# WHAT NEEDS TO BE DONE:
Below is a listing; copy all of it exactly.

(INFORMATION SHOWN Opens)

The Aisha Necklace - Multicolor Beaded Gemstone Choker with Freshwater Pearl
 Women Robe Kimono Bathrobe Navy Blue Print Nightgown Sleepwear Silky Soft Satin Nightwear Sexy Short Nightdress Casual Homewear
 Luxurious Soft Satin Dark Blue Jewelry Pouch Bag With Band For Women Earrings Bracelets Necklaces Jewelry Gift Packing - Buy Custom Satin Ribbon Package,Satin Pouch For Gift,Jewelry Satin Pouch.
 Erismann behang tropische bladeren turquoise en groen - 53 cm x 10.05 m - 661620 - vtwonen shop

(INFORMATION SHOWN Closes)

# RESPONSE FOR THIS EXERCISE:
The Aisha Necklace - Multicolor Beaded Gemstone Choker with Freshwater Pearl
 Women Robe Kimono Bathrobe Navy Blue Print Nightgown Sleepwear Silky Soft Satin Nightwear Sexy Short Nightdress Casual Homewear
 Luxurious Soft Satin Dark Blue Jewelry Pouch Bag With Band For Women Earrings Bracelets Necklaces Jewelry Gift Packing - Buy Custom Satin Ribbon Package,Satin Pouch For Gift,Jewelry Satin Pouch.
 Erismann behang tropische bladeren turquoise en groen - 53 cm x 10.05 m - 661620 - vtwonen shop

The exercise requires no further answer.